What they DO eat, constantly, is bread and sausages. It comes in various forms and tastes, and it is available literally everywhere. Humans enjoying their favourite pastimes (football, not internet-trolling) – who’s already there? A sausage-seller. a remote place, deep in the forest, a carpark, and? Right. Sausageman. Or Sausagewoman. the humans do not seem to mind who sells that stuff as long as they get it, preferably with a slice of bread and some green stuff called mustard. THAT is fantastic shit, I tell you. And it does funny things to the nose, when you eat at least a mouthful of it. I love it all.
So, today I may proudly say I am a sausage-orc. With a mustard-mustache. Life is great. Fuck the rain.
Humans are stupid. It borders on a miracle that this species made it so far. That, or there are no real vampires in this world.

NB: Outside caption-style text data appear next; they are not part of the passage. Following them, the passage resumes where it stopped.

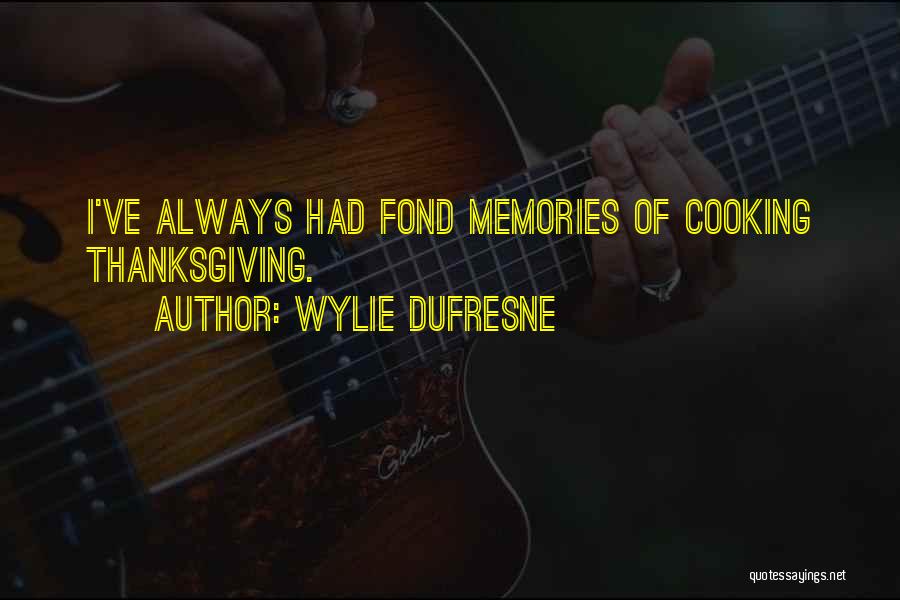 Wylie Dufresne Quotes: I've Always Had Fond Memories Of Cooking Thanksgiving.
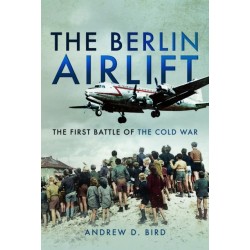 The Berlin Airlift: The First Battle of the Cold War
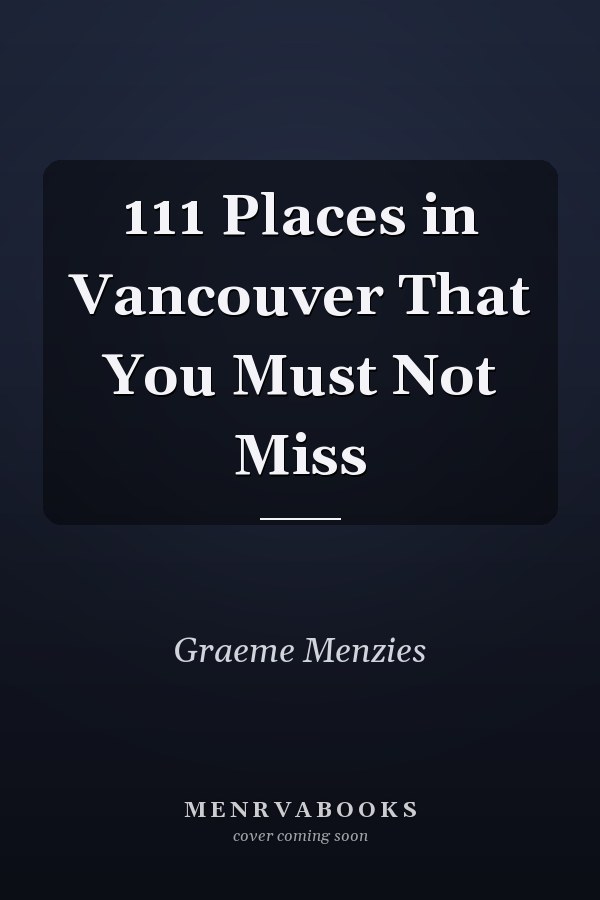111 Places in Vancouver That You Must Not Miss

But then why do humans believe in their existence? I had a somewhat irritating discussion (whenever I use the word ‘discussion’ consider it a battle of yelling) with she-human about the matter. We seemed to agree and not agree at the same time which is definitely too much to grasp for my poor little brain.
She has the odd habit of playing games where she pretends to be someone else but it is not the same as the humans in the theaters do (or so she says). It is called ‘role playing game’. In one of those games she pretended to be a vampire. She agreed with me that those are nasty buggers but also insisted that they do NOT exist in real life. I know for sure that they do, but maybe not in this world. The question remains how do humans know about vampires at all if they never existed around here? And how come they have such a wrong picture of those creatures? Trust me, they do NOT glitter. Ever. Except maybe if they fell into a decorated christmas tree. Which is not very likely. I might be able to imagine a situation where that could happen but not to such an amount that it caused reason to believe it made the whole species permanently glitter. You get my meaning. The thing is: if I understand that, how come humans don’t? Only possible answer: humans are stupid (see above) and – all together now – orcs are superiour.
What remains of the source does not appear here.